Caution is Carey’s attempt to remind us that she’s still cool. Stereotypes often tell us that cool people use swear words, modern day slang words, and acronyms. “GTFO”, the first track on Caution, sets the tone to introduce Carey’s coolness and her clever use of acronyms and profanity. Carey quietly sings the definition of “GTFO” in the chorus. Listeners will have to listen to the lines very closely to hear the meaning of the acronym.
Later in the album, listeners can tune in to the innuendo-filled “One Mo’ Gen.” Perhaps Carey felt that the phrase “one more time” was too cliché.

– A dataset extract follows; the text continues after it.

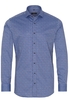 ETERNA LANGE MOUW OVERHEMD SLIM FIT OXFORD BLAUW/ROOD PRINT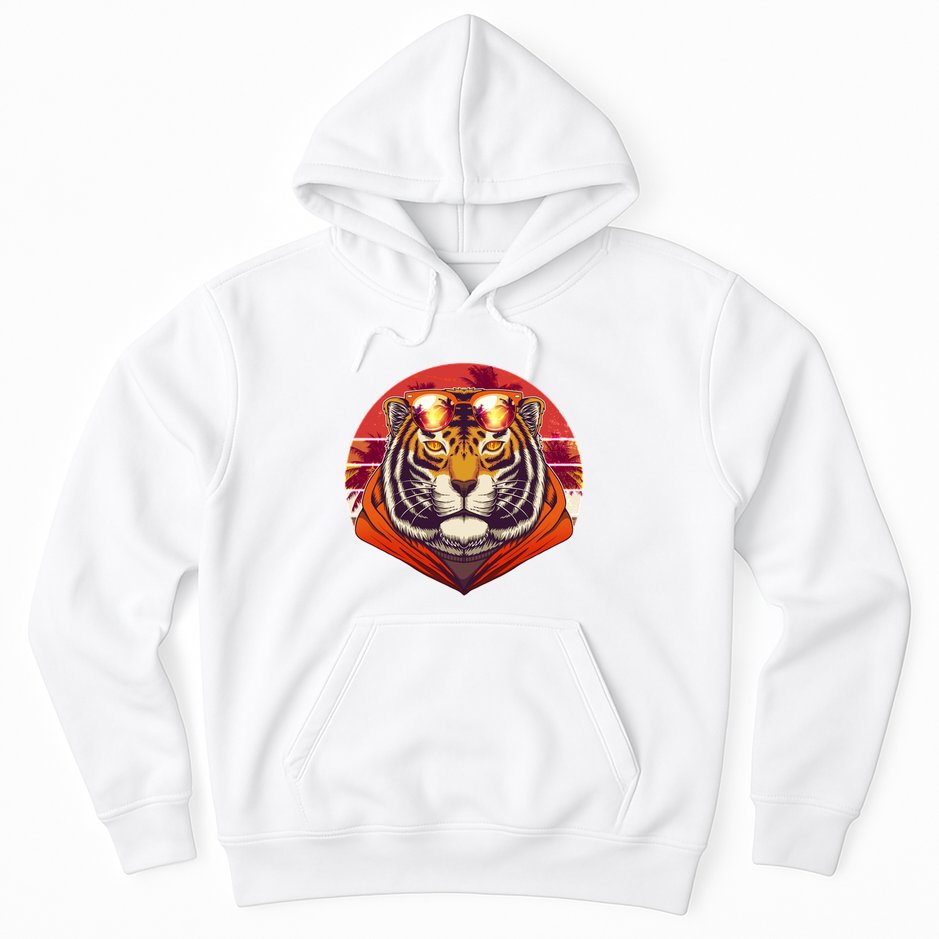 Retro Tropical Palm Tree Hipster Tiger Hoodie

I imagine she thought her fans were yearning for a cool way to tell their partner or partners that they want some more love and intimacy once again.

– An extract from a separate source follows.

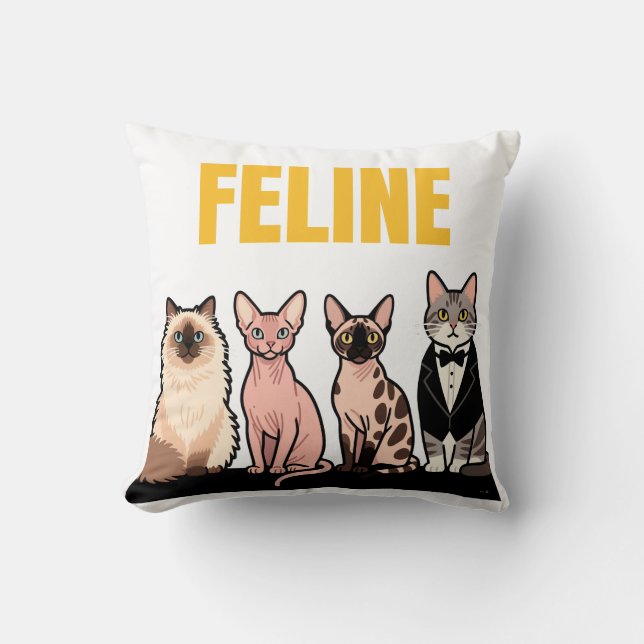 Almofada Vintage Feline Breeds (Frente)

For those who’d love an album with a mix of old and new R&B and hip-hop hooks, Caution will be a musical delight. Caution will also a be a treat if you’re a fan of Carey’s vocals. Otherwise, if you desire to be taken on a musical and emotional journey by an artist who sings about the different emotions we often experience when we’re in relationships and when we’re just trying to be human, Caution would be worth a listen.